» **Your task**
Would you reproduce exactly, and only, the lines starting at the one with "Một chiếc hộp" and ending at the last line of the data, with both included? Leave the pictures out.

** Opening Records supplied block **

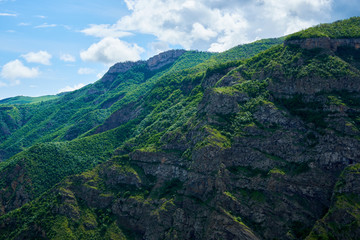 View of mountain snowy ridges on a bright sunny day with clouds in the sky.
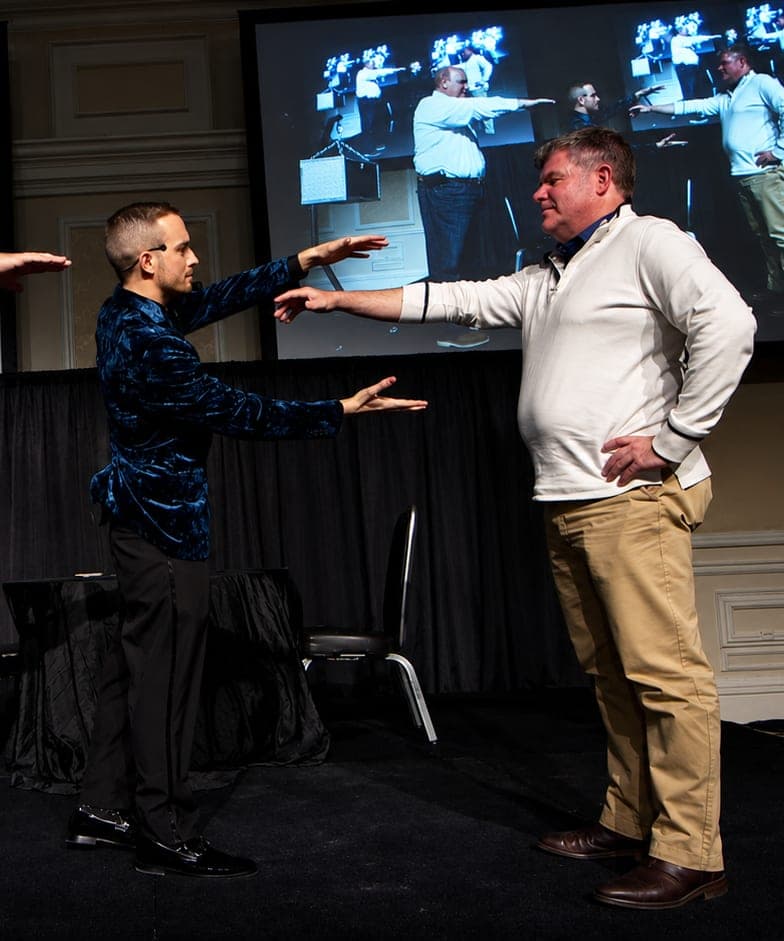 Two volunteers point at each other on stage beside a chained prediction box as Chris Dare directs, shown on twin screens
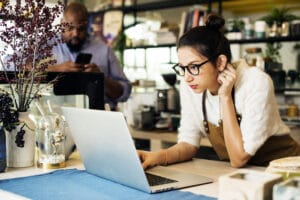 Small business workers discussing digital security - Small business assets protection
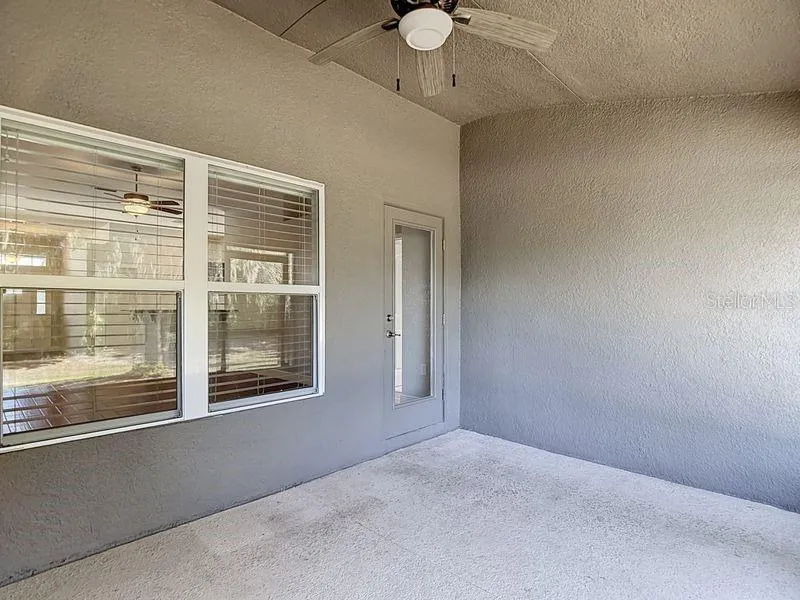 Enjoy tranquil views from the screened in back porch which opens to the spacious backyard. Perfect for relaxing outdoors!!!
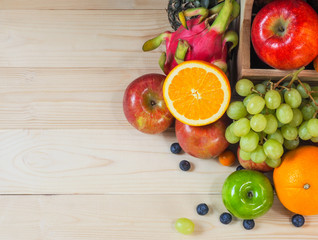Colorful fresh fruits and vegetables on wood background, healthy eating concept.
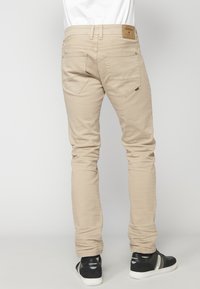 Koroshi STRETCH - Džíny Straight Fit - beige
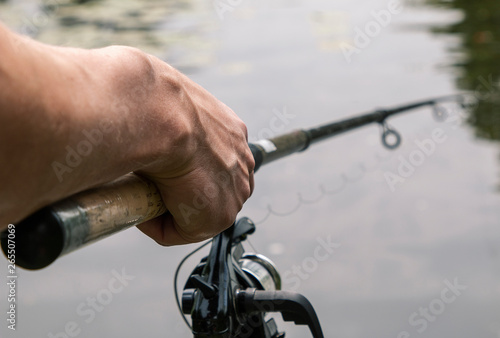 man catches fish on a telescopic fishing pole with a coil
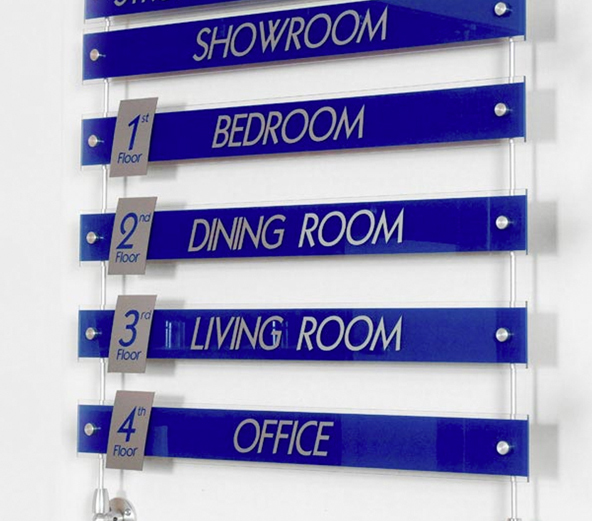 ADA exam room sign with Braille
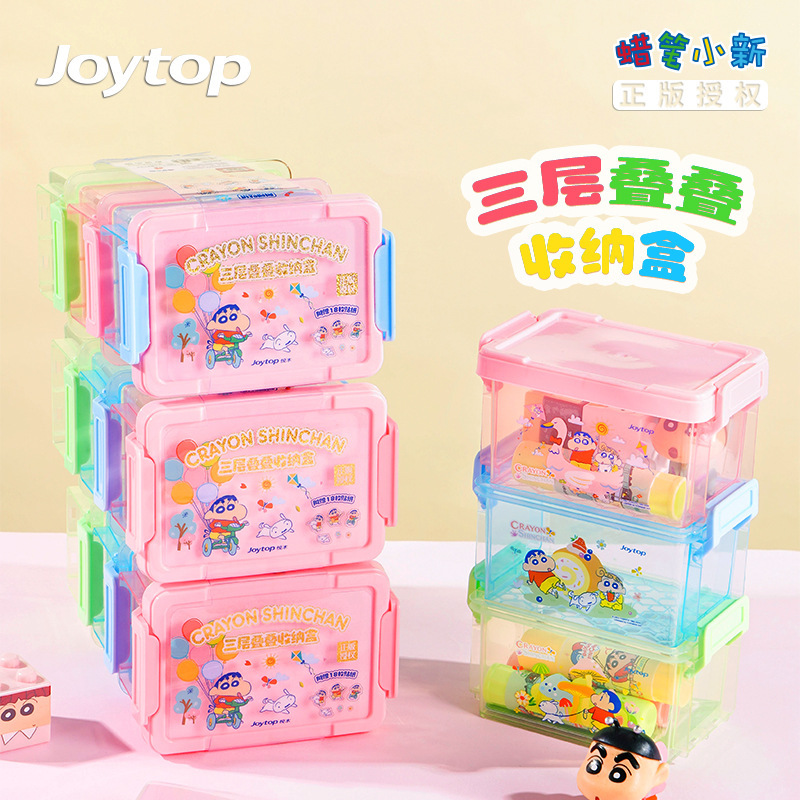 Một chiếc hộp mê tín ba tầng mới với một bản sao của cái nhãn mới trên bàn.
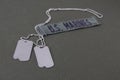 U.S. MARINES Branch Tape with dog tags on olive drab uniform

** Closing Records supplied block **

» **Problem solution**
 Một chiếc hộp mê tín ba tầng mới với một bản sao của cái nhãn mới trên bàn.
 U.S. MARINES Branch Tape with dog tags on olive drab uniform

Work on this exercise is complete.